The Latella 'ndrina also known as Latella-Ficara 'ndrina is clan of the 'Ndrangheta, a criminal and mafia-type organisation in Calabria, Italy.

They are based in the city of Reggio Calabria, which controls the Ravagnese and Croce Valanidi quarters, allied with the Ficara, and in collaboration with the De Stefano and Pelle 'ndrina.

The current capobastone was also head of the company in Crimine, an apical structure of the Calabrian criminal organization.

== History ==
The historical capobastone of the Latella 'ndrina was Pasquale Latella, sentenced to life imprisonment, followed by his brother Giacomo, who was also imprisoned. Leadership have later passed to a third brother, Antonino Latella, identified by the collaborator Consolato Villani as the one responsible for reorganizing the “locale” of Croce Valanidi. Close relatives, including Giuseppe “Pino” Ficara, Vincenzo Ficara were in charge of reorganizing the organization after the arrests of the Latella brothers. In the 1980s, The Latella 'ndrina was involved in a feud with Chilà-Ambrogio 'ndrina, led by Giuseppe Chilà.

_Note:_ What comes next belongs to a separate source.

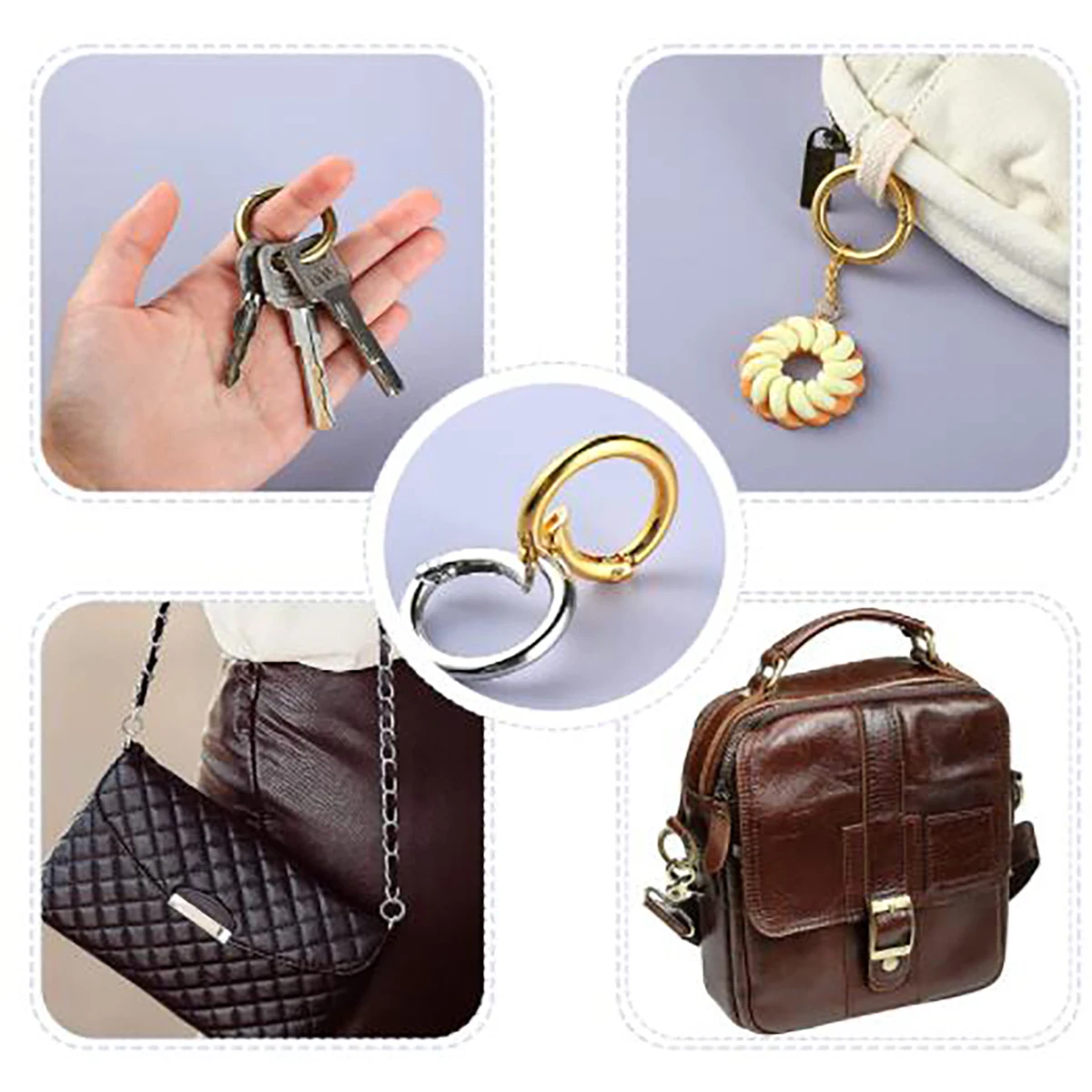 10 Pcs Small Bronze Alloy Snap Spring Clips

During the Second 'Ndrangheta war, the Latella 'ndrina joined the alliance with the De Stefano-Tegano, Libri, Zindato, and other minor 'ndrine, opposed to Pasquale Condello, Antonio Imerti and Diego Rosmini factions.

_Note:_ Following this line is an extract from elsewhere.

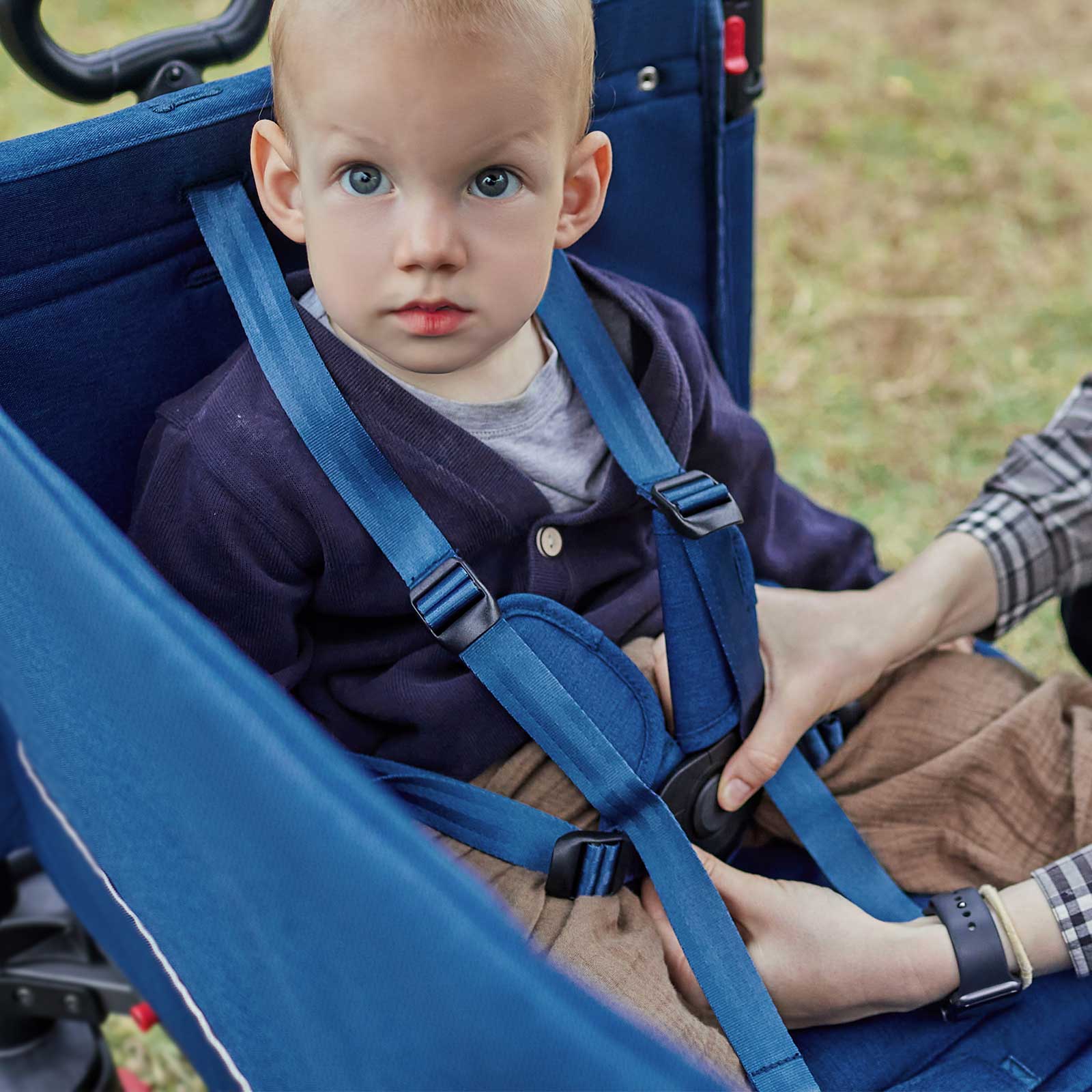 EVER ADVANCED - Side - Unzip Wagon Stroller - Blue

In 2013, investigations discovered tha the Latella 'ndrina, together with the Rosmini, Serraino, Audino, and Nicolò 'ndrine, formed an alliance to control the construction sector in Reggio Calabria. With the complicity of local and national entrepreneurs, the 'ndrine monopolized building activities, developing residences and houses and influencing property sales. The investigation resulted in forty-seven arrest warrants, as well as the seizure of fourteen companies and assets worth approximately 90 million euros. Those arrested were charged with mafia-type criminal association, fraudulent transfer of assets, illegal financial activity, corruption, and embezzlement. Among the individuals under investigation were lawyers, accountants, and figures from the banking sector. The investigation revealed that the allied clans had expanded their commercial and financial operations with the assistance of professionals in banking and business and extended even to other Italian regions, with numerous searches carried out in Veneto, Piedmont, Lombardy, and Apulia.